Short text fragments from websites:
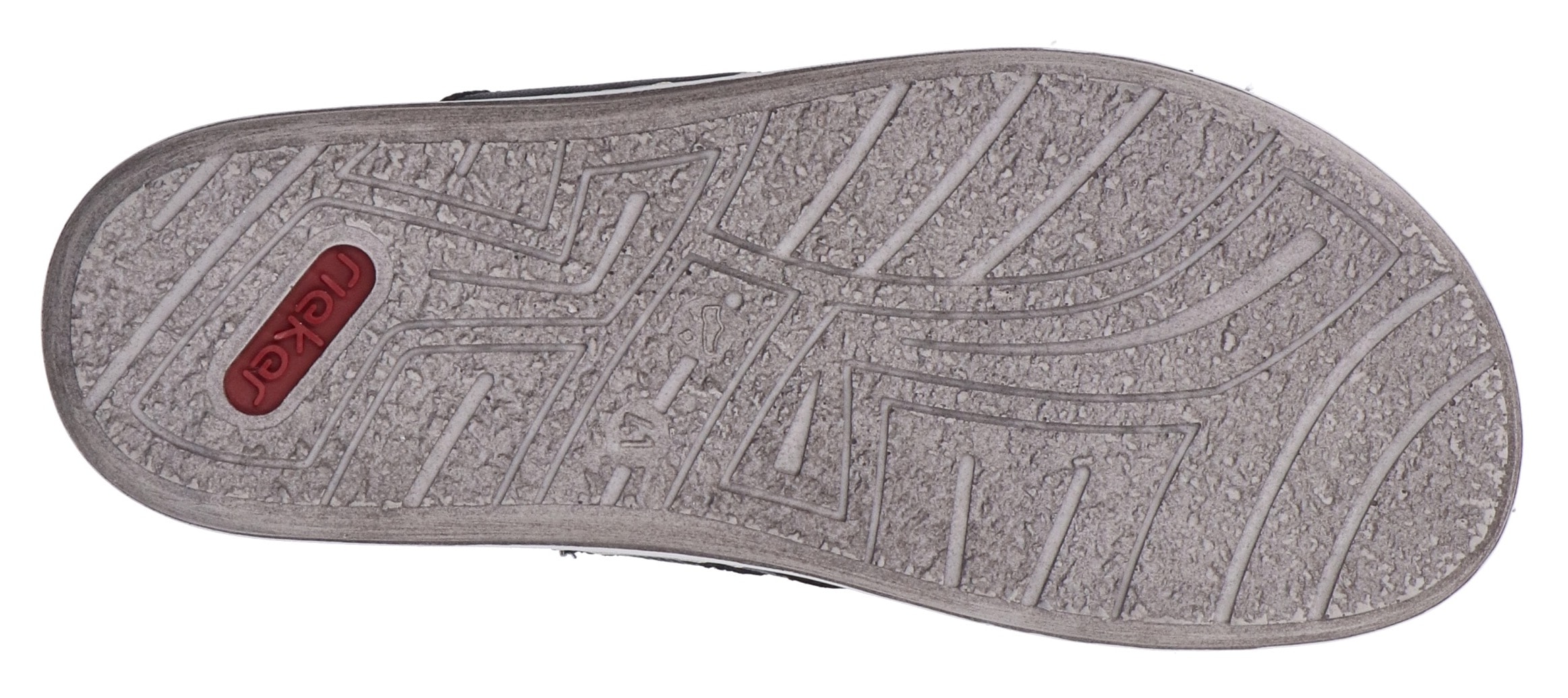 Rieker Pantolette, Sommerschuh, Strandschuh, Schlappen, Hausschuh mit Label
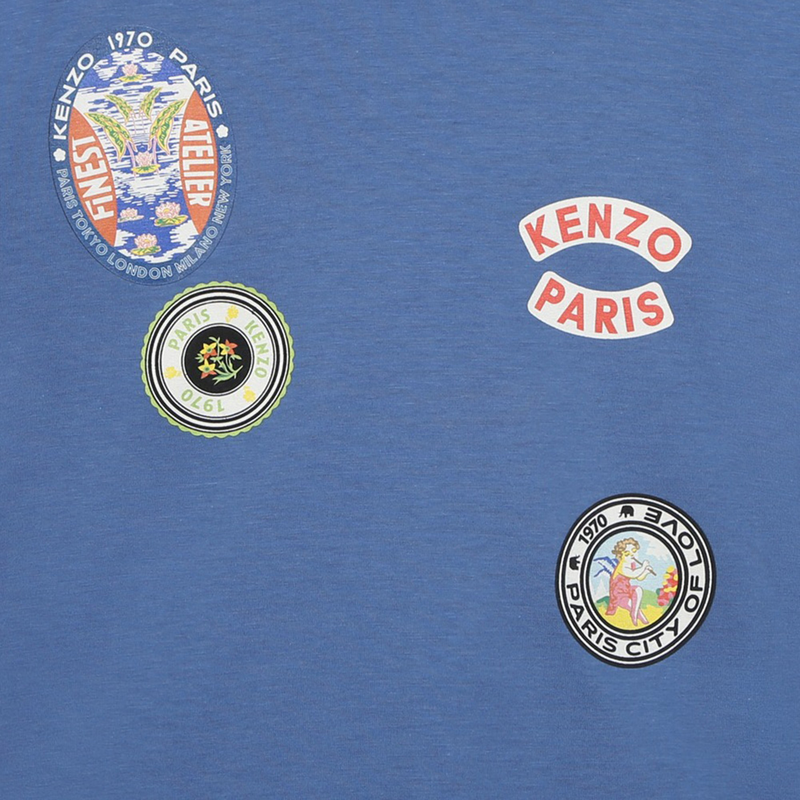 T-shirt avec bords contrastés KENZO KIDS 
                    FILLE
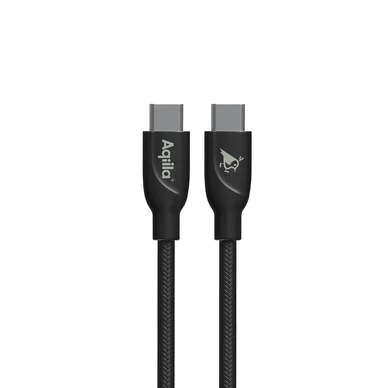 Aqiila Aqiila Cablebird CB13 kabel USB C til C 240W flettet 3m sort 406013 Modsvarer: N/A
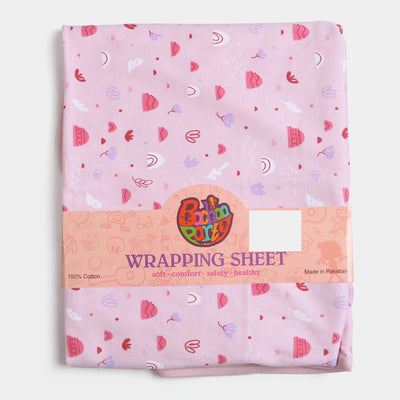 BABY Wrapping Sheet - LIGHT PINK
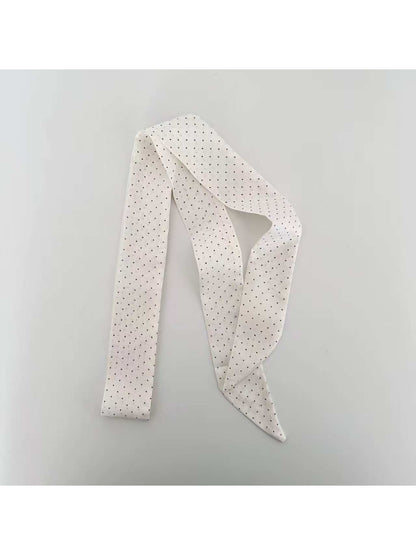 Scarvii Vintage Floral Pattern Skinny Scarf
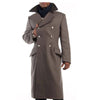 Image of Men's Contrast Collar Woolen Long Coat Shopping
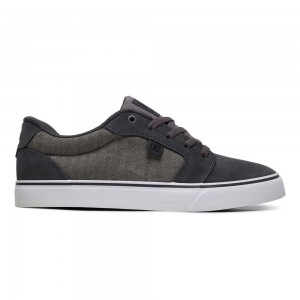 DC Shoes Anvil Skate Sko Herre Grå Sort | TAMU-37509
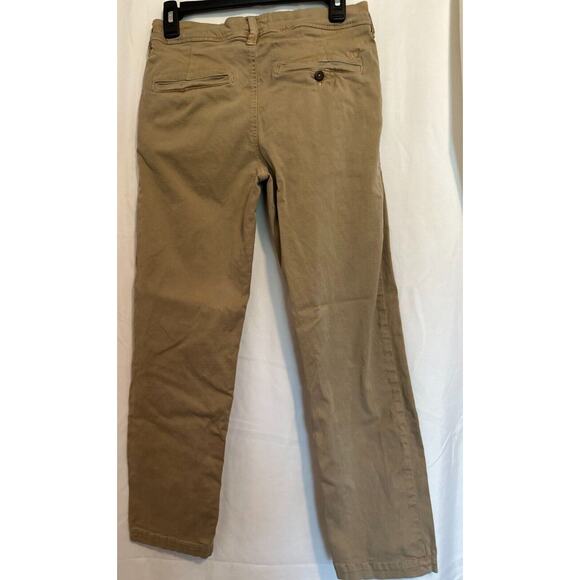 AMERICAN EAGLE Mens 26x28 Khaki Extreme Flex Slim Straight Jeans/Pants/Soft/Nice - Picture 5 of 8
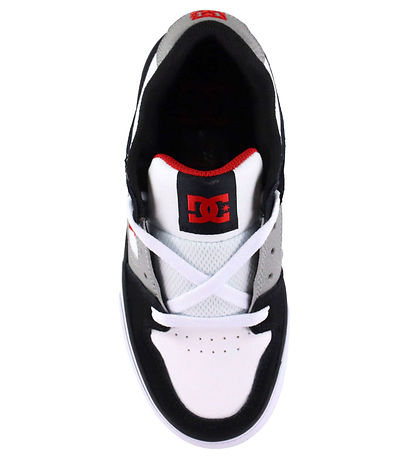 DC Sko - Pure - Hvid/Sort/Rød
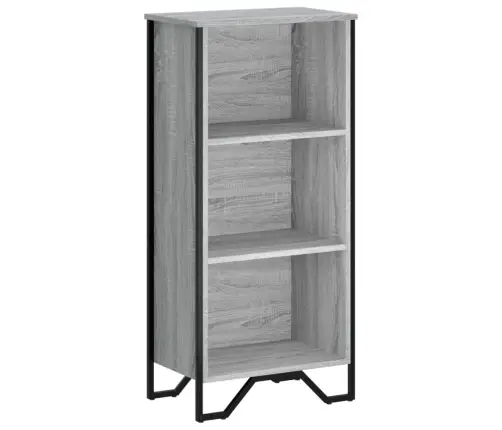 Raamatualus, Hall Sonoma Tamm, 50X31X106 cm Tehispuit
---
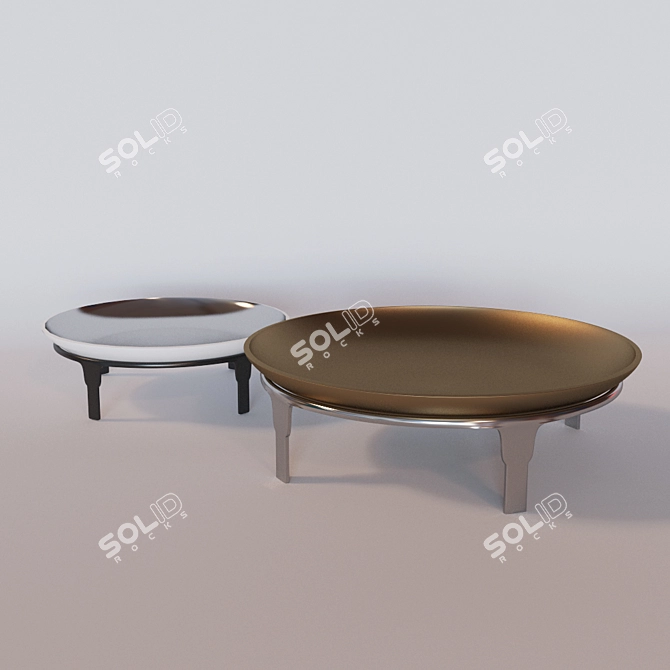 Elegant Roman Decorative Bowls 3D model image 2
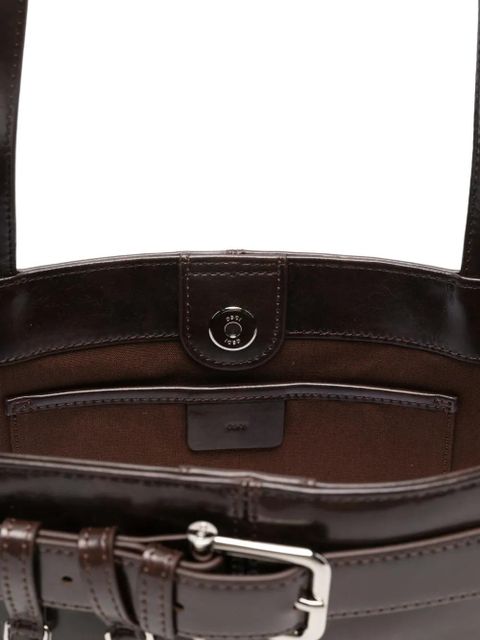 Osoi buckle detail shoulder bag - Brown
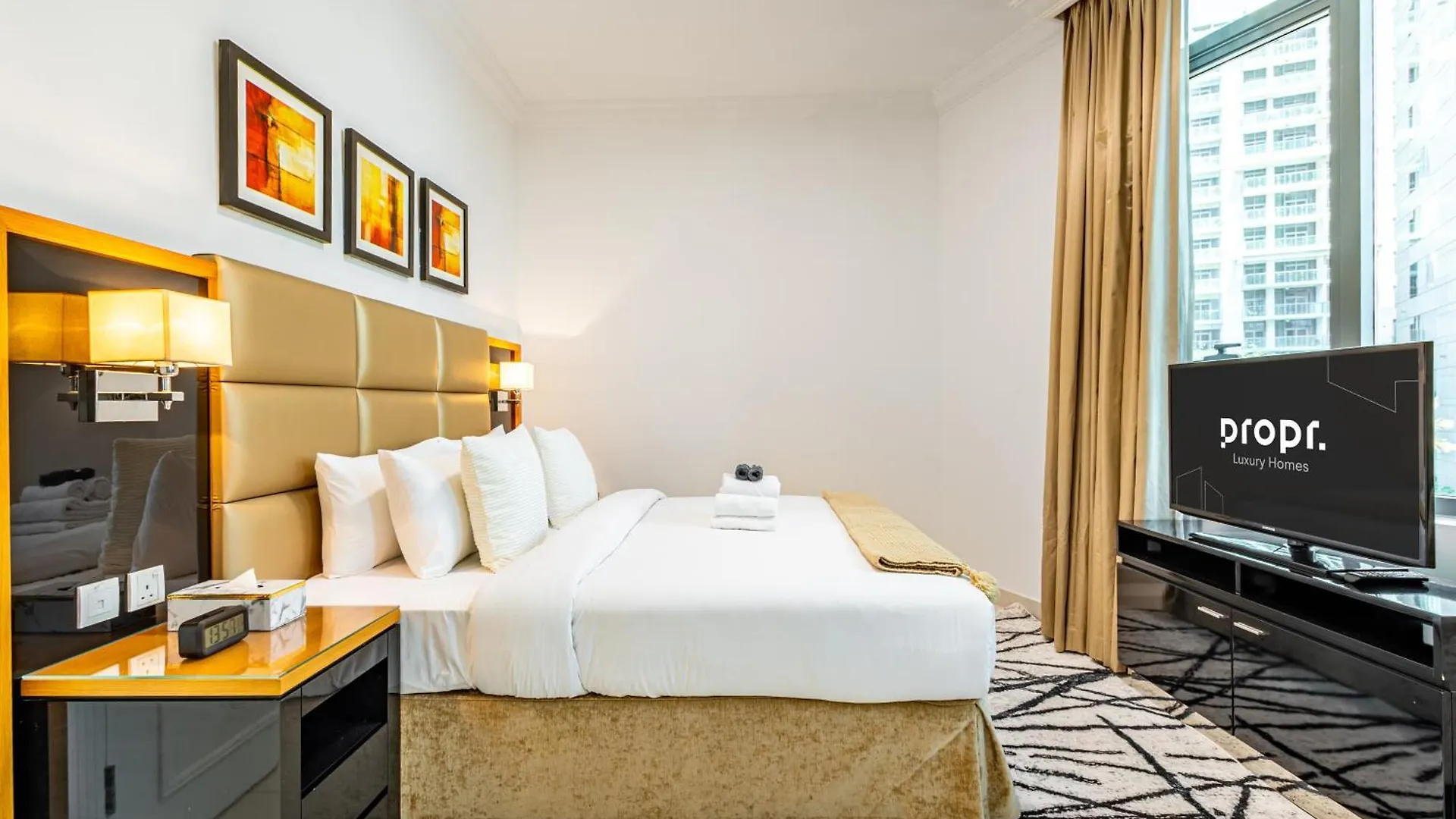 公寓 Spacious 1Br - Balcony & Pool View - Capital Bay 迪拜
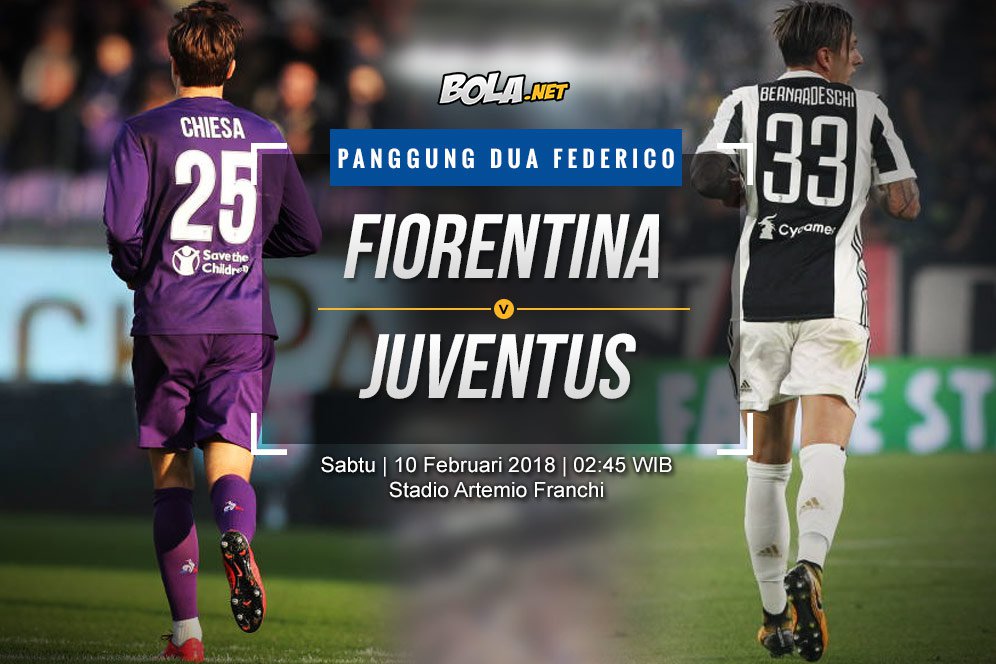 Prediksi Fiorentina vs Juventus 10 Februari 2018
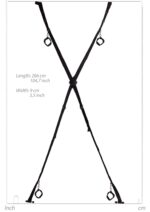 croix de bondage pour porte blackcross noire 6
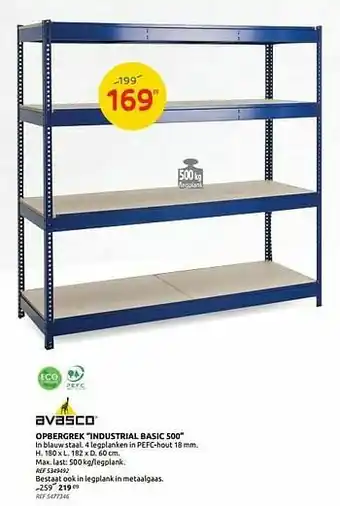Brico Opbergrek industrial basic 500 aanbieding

- **Work order**:
Output should consist of the lines above from the one with "Hausschuh mit Label" down to the one with "Raamatualus, Hall Sonoma", exact and without pictures.

- **Reply to the task**:
 Rieker Pantolette, Sommerschuh, Strandschuh, Schlappen, Hausschuh mit Label
 T-shirt avec bords contrastés KENZO KIDS 
                    FILLE
 Aqiila Aqiila Cablebird CB13 kabel USB C til C 240W flettet 3m sort 406013 Modsvarer: N/A
 BABY Wrapping Sheet - LIGHT PINK
 Scarvii Vintage Floral Pattern Skinny Scarf
 Image of Men's Contrast Collar Woolen Long Coat Shopping
 DC Shoes Anvil Skate Sko Herre Grå Sort | TAMU-37509
 AMERICAN EAGLE Mens 26x28 Khaki Extreme Flex Slim Straight Jeans/Pants/Soft/Nice - Picture 5 of 8
 DC Sko - Pure - Hvid/Sort/Rød
 Raamatualus, Hall Sonoma Tamm, 50X31X106 cm Tehispuit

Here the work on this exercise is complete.